If your knees go weak over gold earrings, watches, bracelets, necklaces and anything else, you're not alone. Through history, gold has been the most desirable and popular precious metal and a symbol of wealth and power since antiquity.
But what with karat, color, weight, alloy, design and price, feeling confident about buying the genuine article can be daunting. Robin Morris, a New York-based jeweler whose company Chimaera makes handcrafted fine jewelry, says shopping carefully for the shiny stuff is easier than you think if you have the right information.
- Karat with a K. You hear about 24-karat gold, which simply means 100 percent pure gold. Any value below 24 is the amount of pure gold that exists in a mixture, or alloy. With 14 karats, you get 14/24 pure gold, or 58.5 percent gold. The other nongold metals in the mix do not add much real value, but are used to increase strength, hardness and durability, while varying the color. "The standard in Europe is 18 karat, but here folks often buy 14 karat, though it's not considered as prestigious or valuable," Morris says. "It's really about personal preference and cost." You may not like the deeper color of 24-karat gold, for example. But, she notes, you should never go lower than 14 karat, especially for custom pieces. On the other hand, the higher the gold content, the softer the metal. So rings should be made using 14- or 18-karat gold. Jewelry made with 22- or 24-karat gold is best saved for special occasions, Morris advises.

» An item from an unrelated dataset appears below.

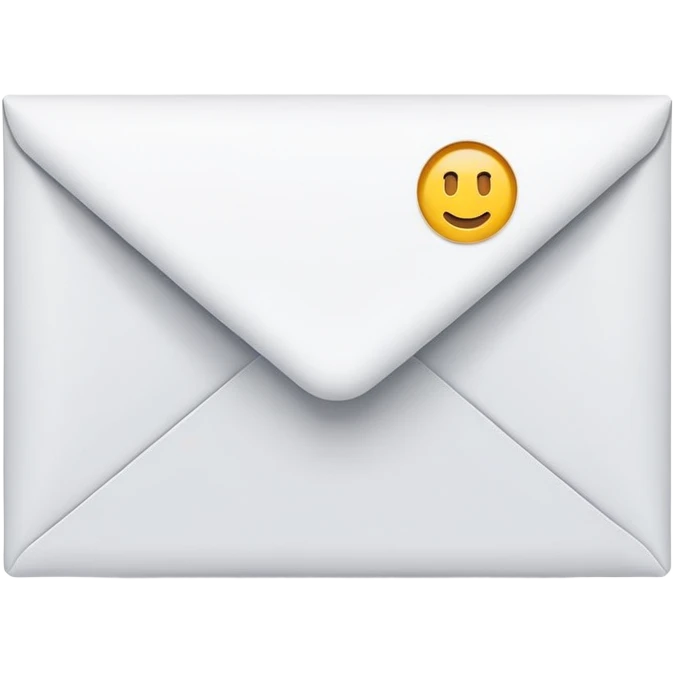 email envelope emoji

- Mixing gold with other metals. Except for the purest form of 24 karats, gold is usually mixed with other metals like copper, silver, nickel, palladium and zinc, which increase strength, hardness and durability and produce a range of color. Mixing gold makes it more scratch resistant and less vulnerable to damage. "Silver is gorgeous, but it just doesn't last as long because it's a lesser-quality metal and gets dented," Morris says. "But gold will usually last a lifetime. If you're buying a wedding ring or something you want to pass on or wear every day, gold is more durable." Jewelry designers are also able to create more precise designs in gold, Morris adds. For example, designers can get finer detail in gold, and the finish shows up better. However, be careful with pure gold, which can scratch.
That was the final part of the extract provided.